ChriDecWriMo

Yeah. I said it.

I had a red bull for the first time in, oh, three months, so bear with the thought process. I may be way too excited for something that simply doesn’t come across as interesting to the rest of the (writing, artistic, Liberal Arts) community.

I “failed” NaNoWriMo, mostly because of (insert excuse here), and partially because I had a kind-of awakening. A writing friend of mine (I have so few. Like, two? I need more…) and I talked about it, along with a post here and there concerning the sheer weight of what I found (re-found, really).

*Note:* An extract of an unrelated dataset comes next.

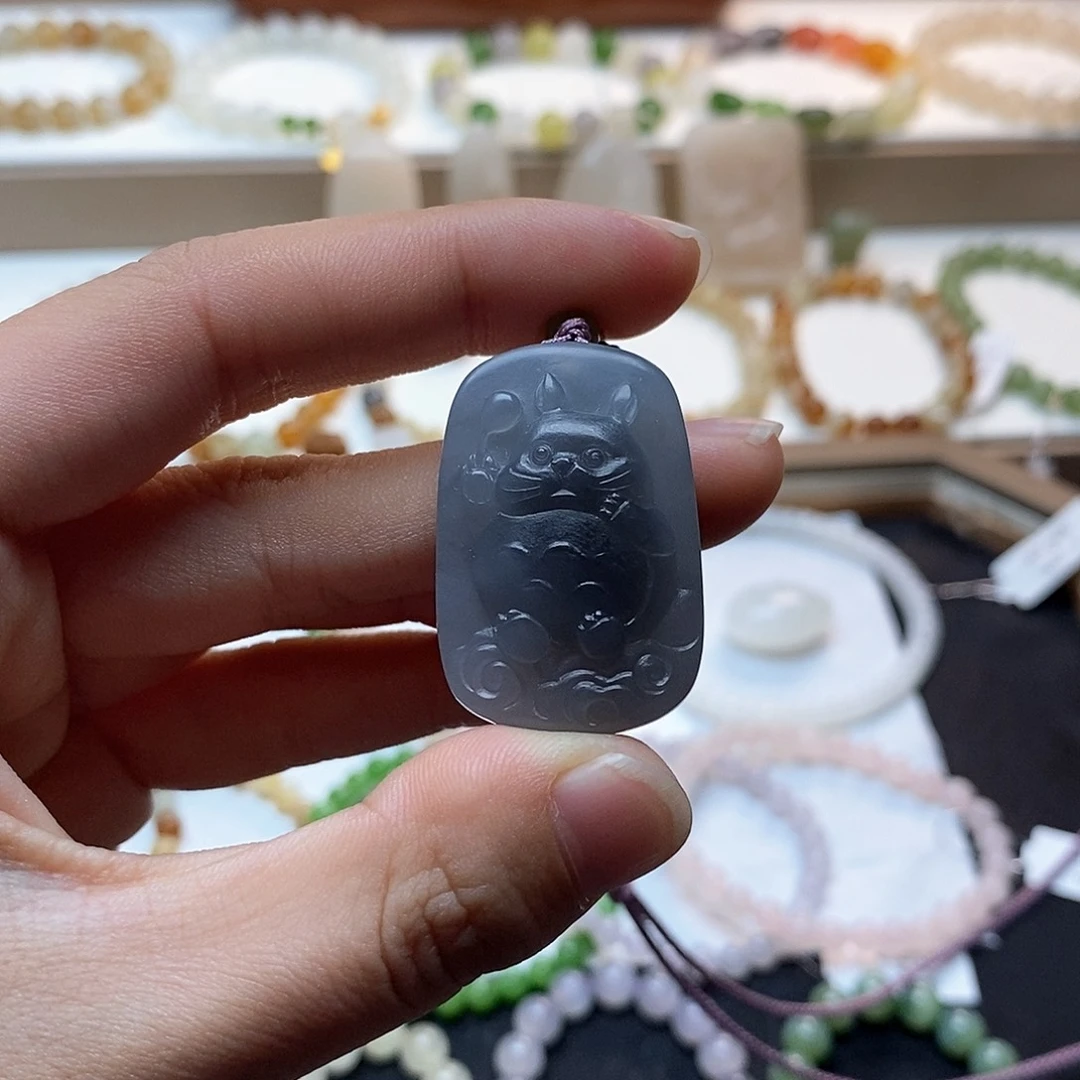 和田玉颈饰未镶嵌烟紫龙猫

Write your story and STFU. I entered the project to see if I can write 50k on a novel I had no “inspiration” about. I can’t. I had many inspirational dreams (for instance, all-night tattoo session with a mystery woman: wtf?), many inspirational moments, but in the end, I learned so much more than what I expected. I must unlearn all I’ve picked up in the past three years. I must remove all the “education” I received (and by “remove,” I’m not removing what I learned about  horrendous passive verb usage. Not happening). I must learn to infodump. I must learn to immerse. I must learn to invent and reinvent. I must make the story real, and keep the pace. Always with the pace.

So, I’m giving this another go. I want to write 50k in December. I want to do this because I feel I hiccuped on a particularly juicy appetizer, then lost interest in the main course. So I’ve vomited it all back up again, and am preparing to re-ingest. Nasty metaphor, I know. Yum.

The story I will be self e-publishing is a foray into something incredible. I love the story more (and have worked on it less) than any other piece I’ve finished, so I’m excited about that. I’ll pursue that once I get stabilized with a new job, after I get some cats, a new computer, and some money saved up for such a shindig.

I feel so backward, but not. Hope everyone’s Thanksgiving was awesome. Hope your December is just as awesome.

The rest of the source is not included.